“却让墨徊有了一切。”
他的声音带着一种奇异的平静,讲述着在旁人听来近乎悖论的事实。
仿佛第三者在讲和自己无关的事情。
“他在这里玩乐,经历冒险。”
“在这里学习,获取知识与力量。”
“在这里成长,心智与能力都蜕变。”
“在这里模仿,学习如何像一个正常人那样社交,感受。”
“在这里体验常人能在现实里体验到的一切情感,关系,成就与挫折。”
“这些,几乎只能在这个被他定义为梦的世界里,真切地,有血有肉地体验到。”
他看向星期日和知更鸟,金色的眼眸里没有悲伤,只有一种陈述事实的坦然。
“在这个世界里,墨徊可以拥有朋友,可以拥有家人,可以拥有对未来无限的选择和可能性。”
“如果这不是现实,而是梦的话……”
他顿了顿,语气依然平稳,却透出一股寒意,
“那么,对墨徊而言,醒来,回到现实,就意味着……”
“回到冰冷,回到封闭,回到绝对的黑暗,或者回到一片毫无意义,连感知都模糊的混乱之中。”
“我的梦,是我的现实。”
“而我原来的现实……”
他清晰地说出那个词。
“叫做死亡。”
知更鸟和星期日面面相觑,都被这极端的逻辑震撼得说不出话。
这已经完全越了普通的认知差异,触及了存在本身的根基性问题。
墨徊继续说着,仿佛在完成一幅早已勾勒好的,关于自我存在的拼图。
“当然,我依旧期待从梦里醒来。”
“就像有时候,极度痛苦或迷茫的人,也会期待死亡作为一种解脱一样。”
“我们找寻生命的意义,来推迟死亡的到来。”
“我用我在梦里的追寻,执念与创造,来让我自己不再那么轻而易举地就滑落回那个名为现实的死亡里。”
“我不愿轻易地死去。”
“我不愿就这么离开。”
“我不愿意……最终又是一个人。”
“至少,在离去之前,我不该……一无所有。”
他捏着自己的指尖,软肉凹陷又回弹。
“人们做梦,偶尔能在梦中意识到自己在做梦,于是那一瞬的清醒可能将他们从梦中唤醒。”
“但我,几乎清晰地知道我自己在做梦。”
墨徊拍了拍自己的胸膛。
“反而是偶尔的混乱,比如认知的冲突,记忆的动摇,存在感的稀薄……”
“才会让我感到自己可能是不该存在的,是虚幻的。”
“那一瞬的混乱,才让我有往返于现实的濒危感。”
“我的梦……或者说我的认知与执念,让我活着。”
“我的现实,我的无感与虚无,让我死去。”
“墨徊所拥有的记忆,情感,人际关系,目标与行动……这些东西构成了墨徊的梦,也构成了一个墨徊。”
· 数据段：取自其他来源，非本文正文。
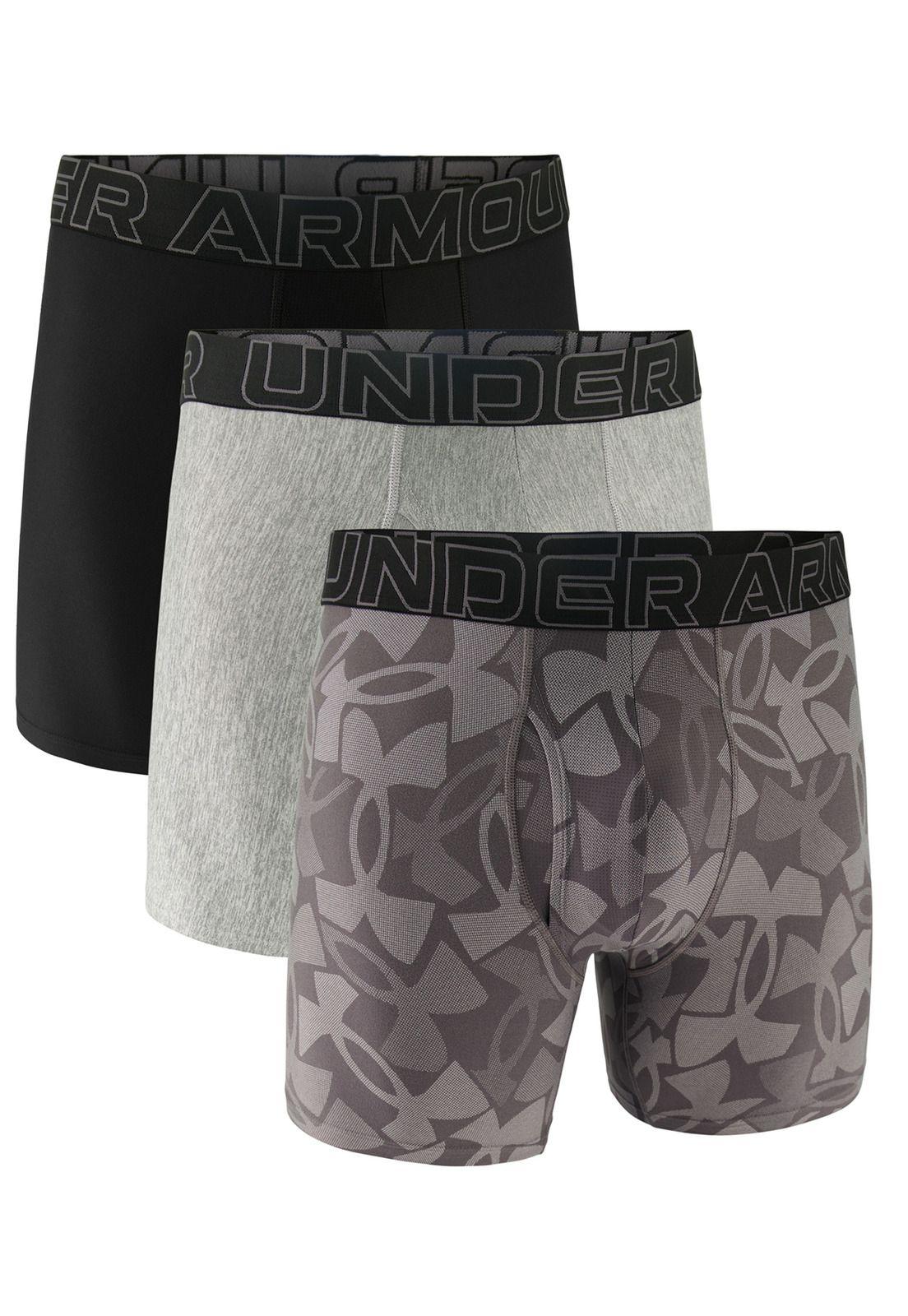 Pack 3 Boxers Performance Tech hombre Gris-0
“然后,这个墨徊清醒地在这个梦里行走,混乱时则远离那个现实,处于一种半梦半醒的,在存在与虚无之间徘徊的状态,生死不明。”
他晃了晃尾巴,仿佛在做一个总结陈词。
“那么,此刻的墨徊,是死去的墨徊被强行续上的梦。”
“而过去的墨徊,是现在的墨徊终将要去往的终点。”
“你们的现实,于墨徊而言是梦,但也是墨徊此刻赖以生存的现实。”
“我在梦里,拥有做梦的权利。”
“这个梦的开头,或许只是一个在现实里醒着的人,被迫沉眠。”
“而当他再次醒来,就把眼前的一切,当成了……一场崭新的梦,或者,一个可以重新定义的现实。”